Compared with control plot, light-intensity management was more effective in generating a live-tree diameter composition and stand volume that approximated those found in our study, suggesting that light-intensity management may achieve these conditions more rapidly than heavy-intensity. The main reason is that a low degree of thinning creates gaps to improve the increases in light and soil temperature [31], promoting the rapid growth and accumulation of material retained in trees, in agreement with the findings of Pukkala [32]. Second, we assume that if heavy-intensity management is continued, it will likely have an adverse effect on regeneration of the study species due to declining seed resources as well as competition from some fast growing shrubs. Third, light-intensity management may favour species with dormant below-ground buds, on either roots or below-ground stems, especially herbs and heliophyte species, along with soil properties [33]. Therefore, the appropriate management intensity should be considered to achieve sustainable management.

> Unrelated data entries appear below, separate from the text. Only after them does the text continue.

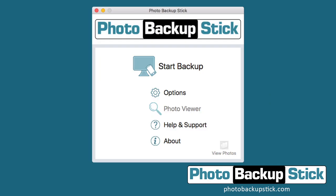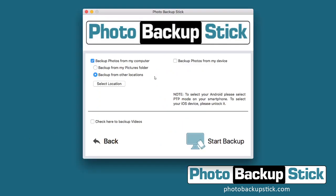Once we have the interface opened up here, go ahead and click on the Start Backup button and it's going to bring up the backup options page. Here, instead of leaving it at the default back up from my pictures folder, we're going to select backup from other locations, and then we're going to click on Select Location.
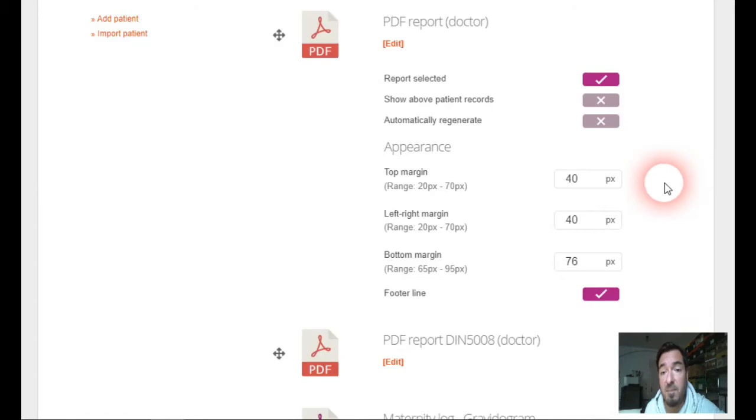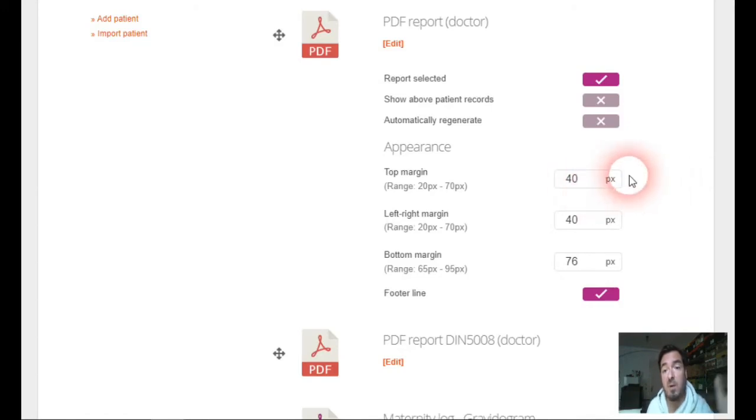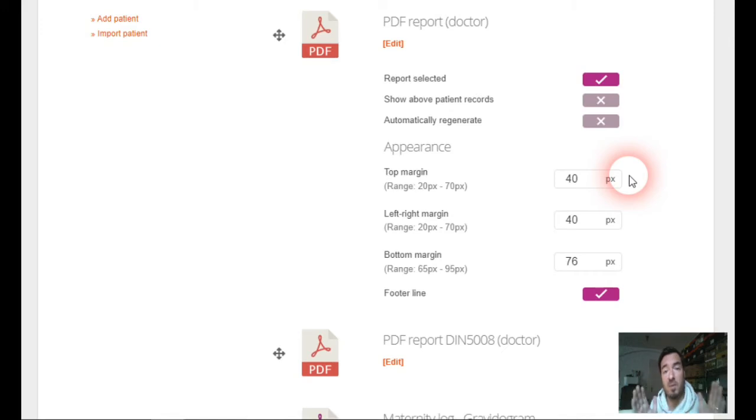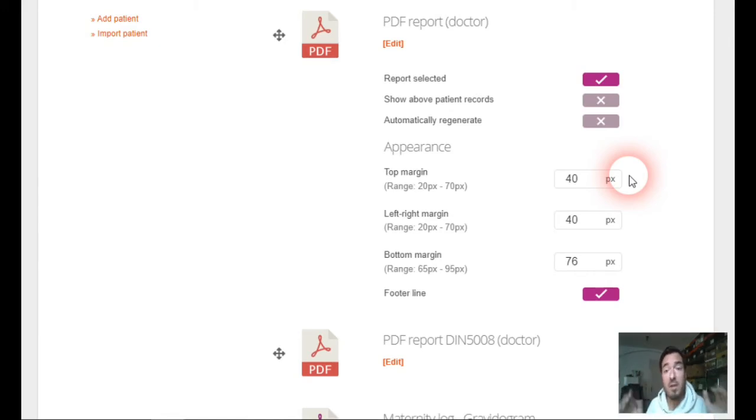you can set up margins of the report. So you, by yourself, can choose if the report will be narrow or wide according to the settings of your printer and everything.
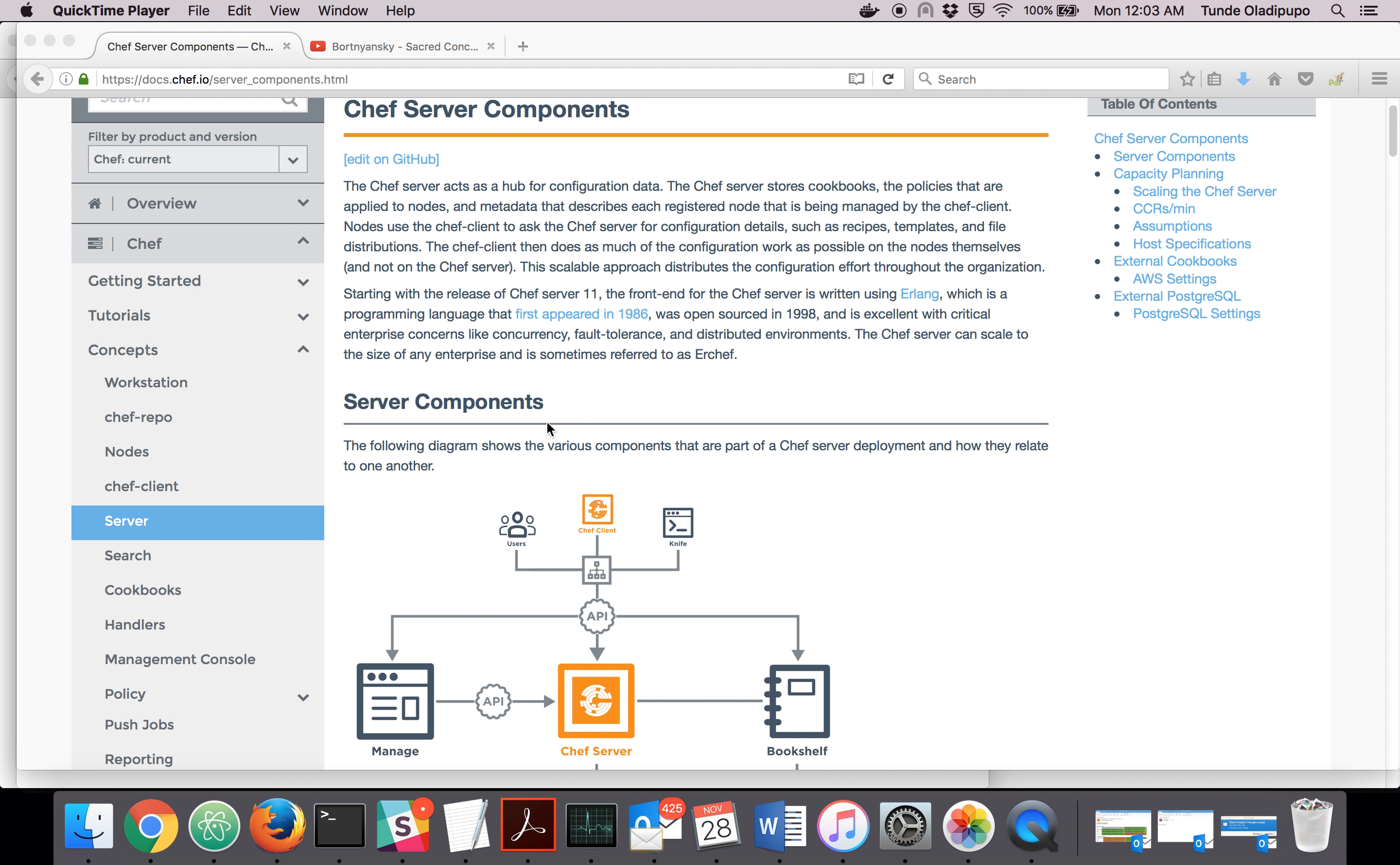My name is Tunde and I'll be explaining Chef server today. Chef server stores information about the nodes. Nodes are the systems that Chef is trying to configure.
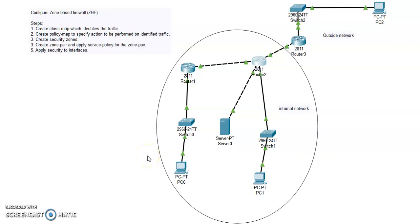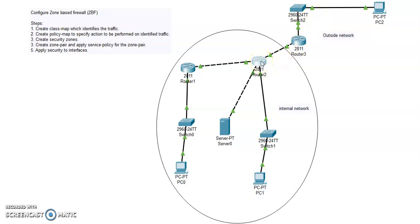Hello guys, welcome to my channel. In this video I'm going to show you how we can configure a zone-based firewall. This is our internal network and this is the outside interface, our outside network. I'm going to configure the zone-based firewall on this server that is facing the outside network. This is our local NTP and syslog server. Let's start the configuration.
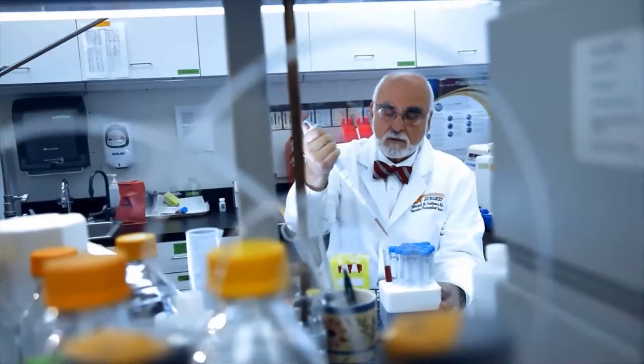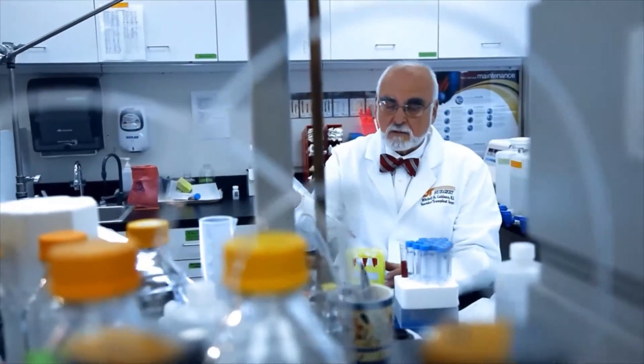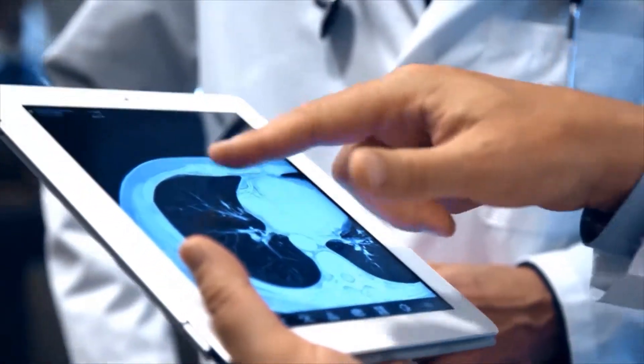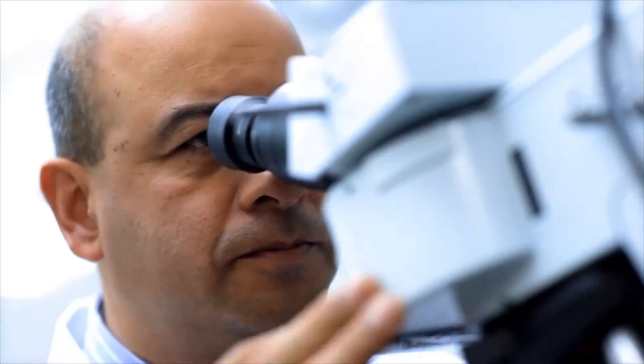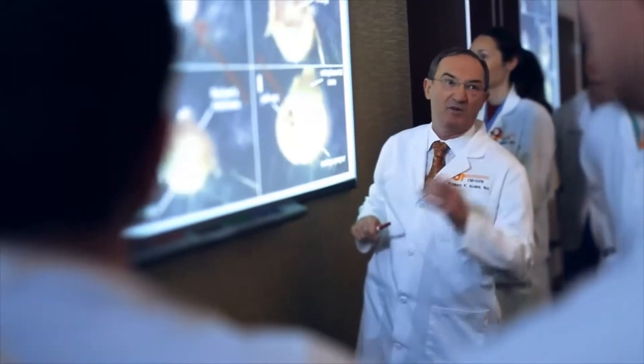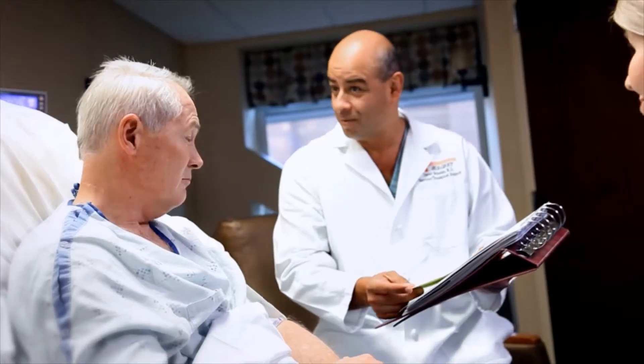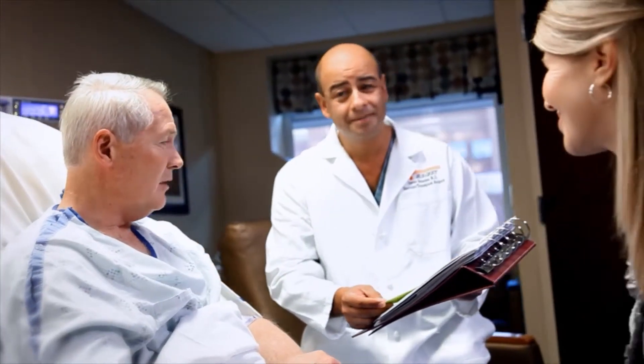The University of Tennessee Medical Center is our region's only academic medical center. Our mission is to serve through healing, education, and discovery. Our goal is to share the knowledge of our physicians and staff in these health education videos as you make health care decisions for yourself and your family.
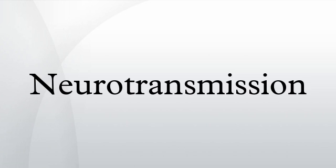Neurotransmission, also called synaptic transmission, is the process by which signaling molecules called neurotransmitters are released by a neuron and bind to and activate the receptors of another neuron.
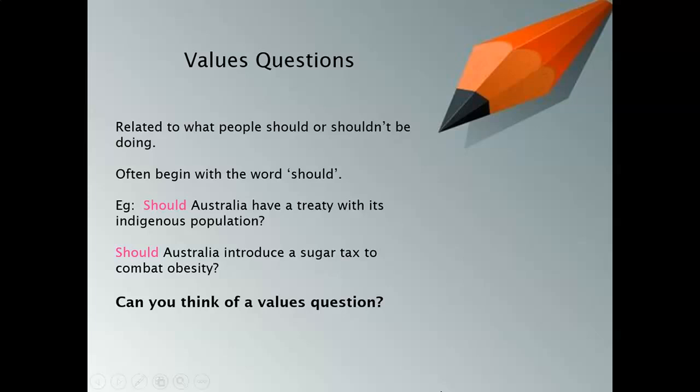This is the end of this lecture. I'd like you to continue thinking about values questions — they will become very relevant as we continue looking through the geography syllabus, and we will be talking about values questions further this week. Thank you for listening and I hope you have a really great rest of your week.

Changes in trunk slenderness among the different management intensities

Trunk slenderness has been used as an indicator of stand stability in forestry for many years; it is also correlated with susceptibility to wind and snow damage [20, 34–35]. As reported in mature coastal forest [36], according to the slenderness ratio, all trees beyond the threshold are potential hazard trees [37] and would require pruning or logging treatments. Mattheck [20] proposed a slenderness ratio of 50 as a failure criterion in hazard tree management, which represents the trade-off between the relative height growth rate and the relative diameter growth rate at individual base, will be suitable to evaluate the allocation. Our study focused on trees showing slenderness values < 80, which corresponded to the height—diameter relationship of the dominant trees (mean DBH and mean tree height) in the logged forest. These trees invested more resources in radial growth than increasing their height, which suggests that trees in the logged forest have space to expand their crowns horizontally, thus grow radially [36]. In contrast, a great many spindly trees showing trunk slenderness values > 80 were observed in control plot. The trees in the control plot were more slender than in the logged forest because of more small slender trees. For taller trees, the probability of being slender will increase susceptibility to meteorological damage. Because radial growth was suppress, taller trees developed a short, narrow crown and were stressed by other trees, once the density of the main canopy became too high. In addition, these trees showed a sharp drop in the mechanical stability, which will make them vulnerable to natural disasters in the upper forest, such as the impacts of frozen rain and wind [35].